▸ **Problem description**
Below, locate the line that contains "0914 VW GOLF". Repeat exactly from that line to the line that contains "Video thumbnail for", inclusive, leaving out the pictures.

▸ **Working data**
Segment Open
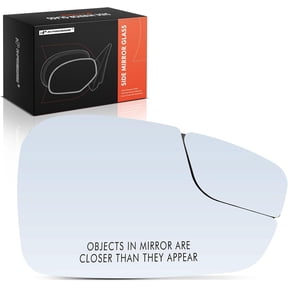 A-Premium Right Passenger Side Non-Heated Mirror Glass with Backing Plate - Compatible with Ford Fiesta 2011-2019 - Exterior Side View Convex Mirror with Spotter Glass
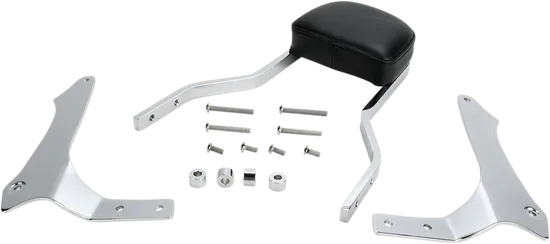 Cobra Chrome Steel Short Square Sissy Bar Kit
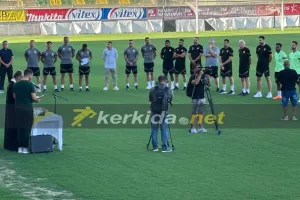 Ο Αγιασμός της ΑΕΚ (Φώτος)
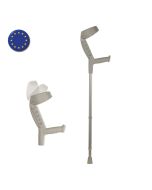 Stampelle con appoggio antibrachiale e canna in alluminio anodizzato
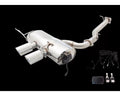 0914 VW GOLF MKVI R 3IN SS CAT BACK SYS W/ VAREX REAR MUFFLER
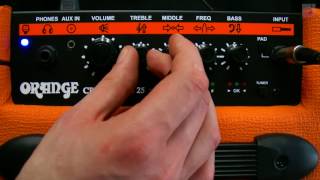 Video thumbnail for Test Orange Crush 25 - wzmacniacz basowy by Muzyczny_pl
Segment Closed
Segment Open
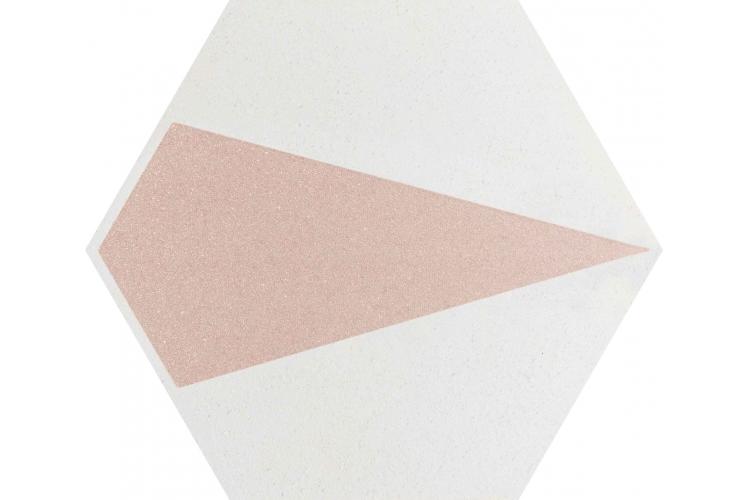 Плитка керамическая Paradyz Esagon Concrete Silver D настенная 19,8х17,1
Segment Closed
▸ **Reply**
 0914 VW GOLF MKVI R 3IN SS CAT BACK SYS W/ VAREX REAR MUFFLER
 Video thumbnail for Test Orange Crush 25 - wzmacniacz basowy by Muzyczny_pl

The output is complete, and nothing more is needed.